The World Bank is helping to improve the conditions in Liberia with a project that has cost around US$300,000 to create and is based on using data collection via an Android-based application. It is best explained by MobileActive.org as “an open-source, Android appplication that allows field workers to use mobile phones to document how well water pumps and sanitation points in the developing world are functioning, then transmit that data to create an online tagged map of target regions.”
Known as FLOW (Field Level Operations Watch), the application has three basic functionalities: data collection, data analysis, and visualisation. The developers of FLOW, Gallatin Systems, have provided back up and continue to adapt FLOW to the requirements of the project.
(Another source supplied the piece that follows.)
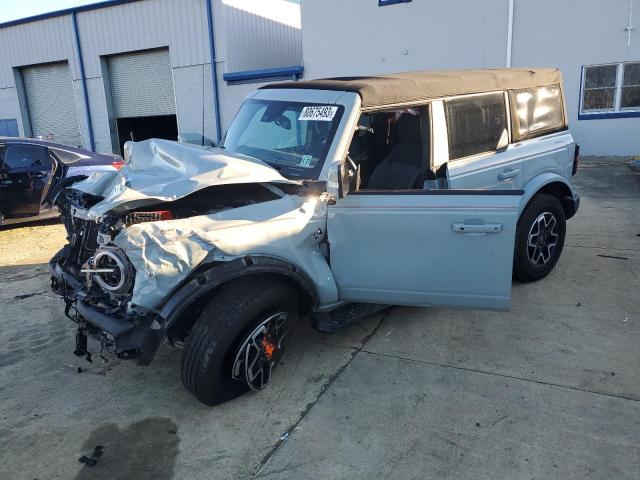 Image 1 of 2022 FORD BRONCO BASE 2022 with VIN 1FMDE5BH5NLB88308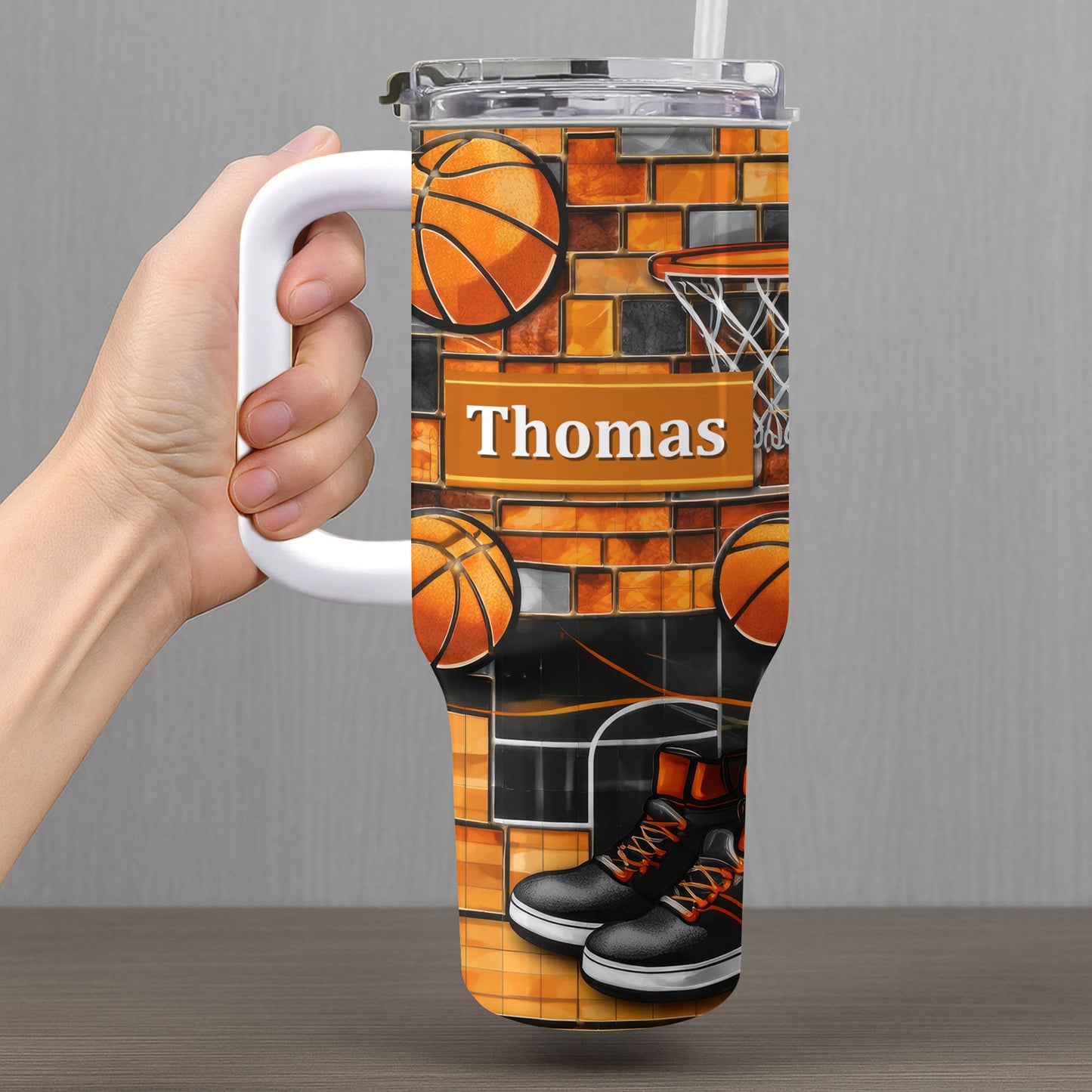 The Harder You Work Talent Will Follow Basketball Hoop Sneakers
Data collection allows are digital storage, meaning that water locations can be surveyed and then added to the application. This also means that cell phones (which are more accessible to the majority of the population than a GPS device and a camera), can be utilised by more people in Liberia.
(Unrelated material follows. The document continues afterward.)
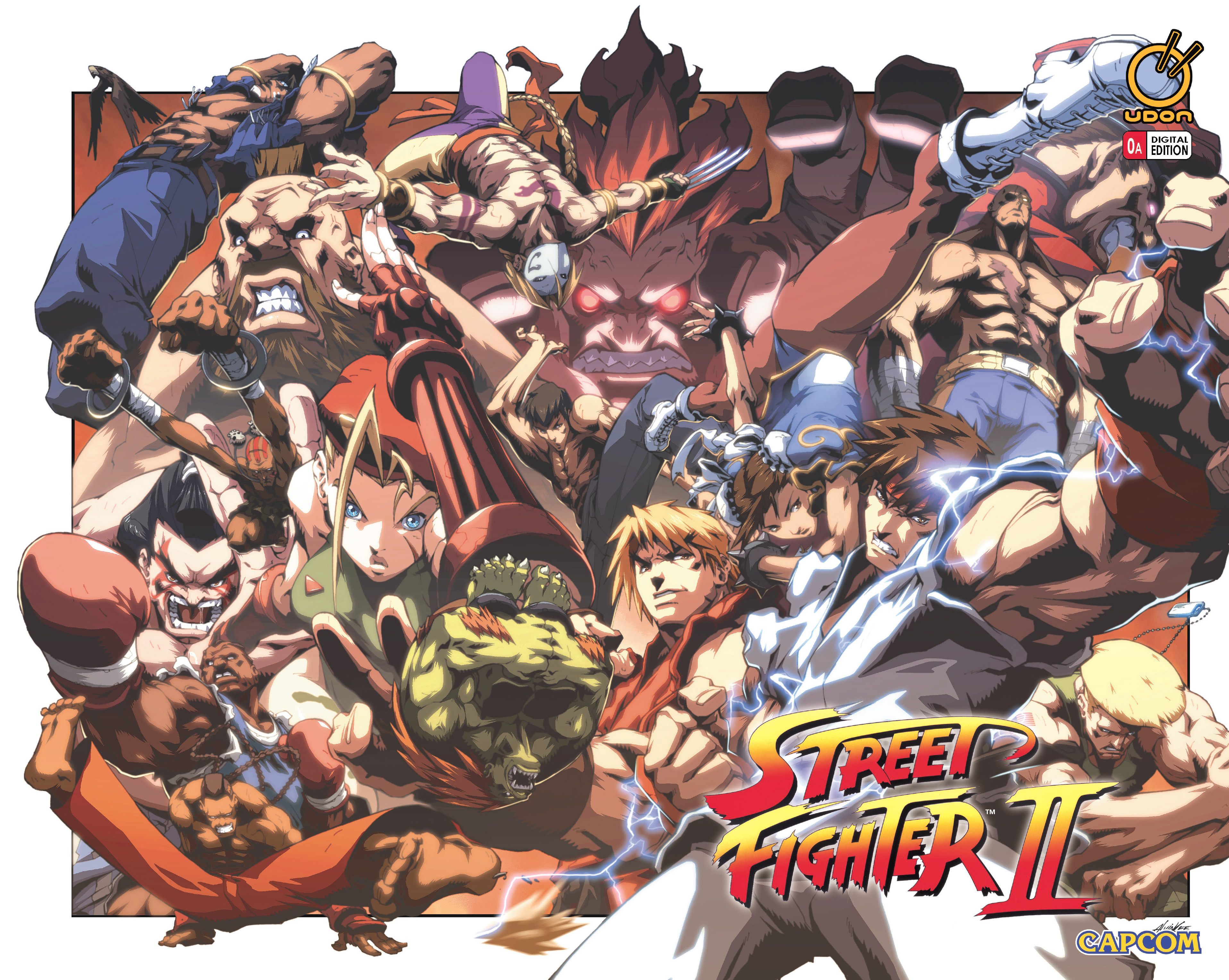 Read online Street Fighter II comic -  Issue #0 - 2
Data analysis means that the data can be stored in an online database, and then downloaded as needed. FLOW can also perform statistical analysis, and generate charts and graphs.
Visualisation shows a map of water points which can be clicked on individually, displaying more information. Pictures also allow for people to see the actual spot where the water is, so they know what to recognise when in the area. The images are accompanied with vital facts such as quantity and quality of the water at that site.
The training that is needed to use the Android application is quicker than the training need for the water point surveying. Yet the biggest limitation encountered was the battery life on the smartphones, as there was inconsistent electricity to charge them. This was temporarily corrected with battery powered cell phone chargers. Most of the data was then stored on the devices and uploaded online upon returning to the headquarters, using computers. Despite the challenges faced by The World Bank, it has still managed to provide necessary information to the masses which will contribute to build Liberia’s journey back to stability.